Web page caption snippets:
◆ ◆ ◆

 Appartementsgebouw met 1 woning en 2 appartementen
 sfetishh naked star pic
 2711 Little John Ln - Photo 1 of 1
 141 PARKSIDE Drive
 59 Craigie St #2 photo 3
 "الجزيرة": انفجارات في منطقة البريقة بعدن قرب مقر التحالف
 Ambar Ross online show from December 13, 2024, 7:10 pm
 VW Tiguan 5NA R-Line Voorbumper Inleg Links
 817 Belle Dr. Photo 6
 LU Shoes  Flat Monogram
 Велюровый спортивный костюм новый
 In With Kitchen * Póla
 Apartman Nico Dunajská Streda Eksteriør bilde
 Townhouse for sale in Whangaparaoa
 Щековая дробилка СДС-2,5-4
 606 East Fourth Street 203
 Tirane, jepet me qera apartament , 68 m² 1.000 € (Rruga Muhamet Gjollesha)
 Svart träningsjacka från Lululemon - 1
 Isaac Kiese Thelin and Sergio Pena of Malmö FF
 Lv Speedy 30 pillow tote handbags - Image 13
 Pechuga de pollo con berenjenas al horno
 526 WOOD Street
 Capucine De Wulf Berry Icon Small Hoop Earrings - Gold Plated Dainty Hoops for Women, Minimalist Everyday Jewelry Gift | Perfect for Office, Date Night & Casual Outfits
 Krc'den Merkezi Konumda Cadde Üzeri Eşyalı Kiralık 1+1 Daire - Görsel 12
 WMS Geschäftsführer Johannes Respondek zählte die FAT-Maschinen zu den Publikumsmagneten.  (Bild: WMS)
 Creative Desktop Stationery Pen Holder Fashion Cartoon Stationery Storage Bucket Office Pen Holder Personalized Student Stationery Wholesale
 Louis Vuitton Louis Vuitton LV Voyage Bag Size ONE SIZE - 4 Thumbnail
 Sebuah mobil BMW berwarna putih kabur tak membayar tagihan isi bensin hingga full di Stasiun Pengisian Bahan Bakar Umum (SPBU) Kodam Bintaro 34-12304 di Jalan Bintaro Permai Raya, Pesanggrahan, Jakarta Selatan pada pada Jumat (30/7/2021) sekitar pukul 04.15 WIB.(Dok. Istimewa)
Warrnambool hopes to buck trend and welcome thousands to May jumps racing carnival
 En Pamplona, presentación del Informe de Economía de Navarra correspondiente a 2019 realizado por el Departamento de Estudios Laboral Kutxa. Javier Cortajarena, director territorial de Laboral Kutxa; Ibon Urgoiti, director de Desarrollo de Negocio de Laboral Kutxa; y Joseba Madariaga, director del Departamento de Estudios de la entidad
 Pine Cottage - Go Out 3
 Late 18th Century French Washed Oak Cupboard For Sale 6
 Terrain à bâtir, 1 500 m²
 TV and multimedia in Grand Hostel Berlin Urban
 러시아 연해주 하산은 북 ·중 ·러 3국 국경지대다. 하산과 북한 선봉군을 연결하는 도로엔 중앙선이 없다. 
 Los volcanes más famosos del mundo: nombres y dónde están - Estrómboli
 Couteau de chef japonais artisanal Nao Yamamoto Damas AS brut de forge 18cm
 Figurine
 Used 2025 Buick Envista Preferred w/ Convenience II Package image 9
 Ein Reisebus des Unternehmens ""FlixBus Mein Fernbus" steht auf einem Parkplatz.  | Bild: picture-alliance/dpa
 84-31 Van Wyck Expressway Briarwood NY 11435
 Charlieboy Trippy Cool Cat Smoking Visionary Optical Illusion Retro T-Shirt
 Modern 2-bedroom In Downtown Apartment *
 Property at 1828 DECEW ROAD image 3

◆ ◆ ◆

Exercise aim:
Each line from the one containing "Ein Reisebus des" to the last line above must be returned exactly, and no line outside that range.

Problem solution:
 Ein Reisebus des Unternehmens ""FlixBus Mein Fernbus" steht auf einem Parkplatz.  | Bild: picture-alliance/dpa
 84-31 Van Wyck Expressway Briarwood NY 11435
 Charlieboy Trippy Cool Cat Smoking Visionary Optical Illusion Retro T-Shirt
 Modern 2-bedroom In Downtown Apartment *
 Property at 1828 DECEW ROAD image 3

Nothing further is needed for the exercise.